Philmont Trek Route #24

by Bill Griffin <wgriffin@uwf.edu> Mon, 30 Mar 1998 10:40:05 -0600

Trek 24 is my favorite. I have taken it 3 times and its near twin, route 23, three times. Here is my opinion and description of the route.

Rayado River: Good camp along the best river at Philmont. The best campsite are nearest the river. Bushwack from the trail as soon as you get there, to the general direction of the river (north). There are 3 campsites over there but few trails to them. There is a shower in the meadow. You can take a short walk to Abreu to visit the root beer cantina and watch the evening burro races. They may even let you participate if they aren't crowded. Great starting camp.

Crater Lake: Hard day as it is your first full day and you have a 1,000 ft. climb right away. Go up to the burro pens and take the trail to the left at the pens, it goes straight up the hill. Be careful not to take the trail beside the pen fence as it goes to Stonewall Pass and Toothache Springs. After a 1,000 climb (good views though) you will reach the contour line and shortly thereafter enter Aguila. It is a bit swampy and the spring may be dry. If you want to check go to the old, broken concrete cistern just after the grassy (and wet) meadow. The spring is about 100 feet up the hill. Purify. From Aguila you will go around Fowler Mesa pretty much following the contour line. The only critical fork is at the end of the mesa before you turn west. The fork goes down to Stonewall Pass to your right. Don't go there. Continue left around Fowler Mesa. You will pass through Bear Caves camp then drop down a bit. 45 min. later you should enter Crater Lake Camp. Good camp with good program and usually a campfire at night.

Clarks Fork: Take the road up the hill, past the shower house. BEFORE the road takes its first major right hand turn, you will see a trail heading off the side to your right.

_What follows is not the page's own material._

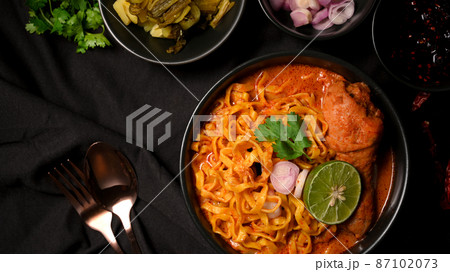 Khao Soi Kai, Northern Thai curry noodles with chicken 87102073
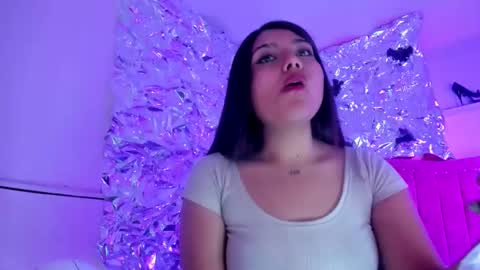 Snapshot of sarastonesx chatting on 27, 11, 2025 sarastonesx online show from 27, 11, 2025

This is a level and nice trail that finally enters a road. Cross the road to continue the trail on the other side. It goes into Miners Park. I usually like to try to coax them into giving us our rock climbing program there. Be polite. If they do, you speed up the next day a bit. In any event, the trail heads north out of Miners and goes over a low pass then drops down to the Urraca Creek. At the creek, take the trail up the hill. 16 switchbacks later you will enter Shaefers Pass meadow. The spring is up the grassy slope to your left just as you enter the meadow. Don't absolutely rely on it unless you have met someone who has seen it flowing in the last 24 hours. Drop down the other side of the pass (long drop and many more switchbacks) to Clarks Fork. You will have to be there by 4pm so your cooks can help prepare the chuck wagon dinner.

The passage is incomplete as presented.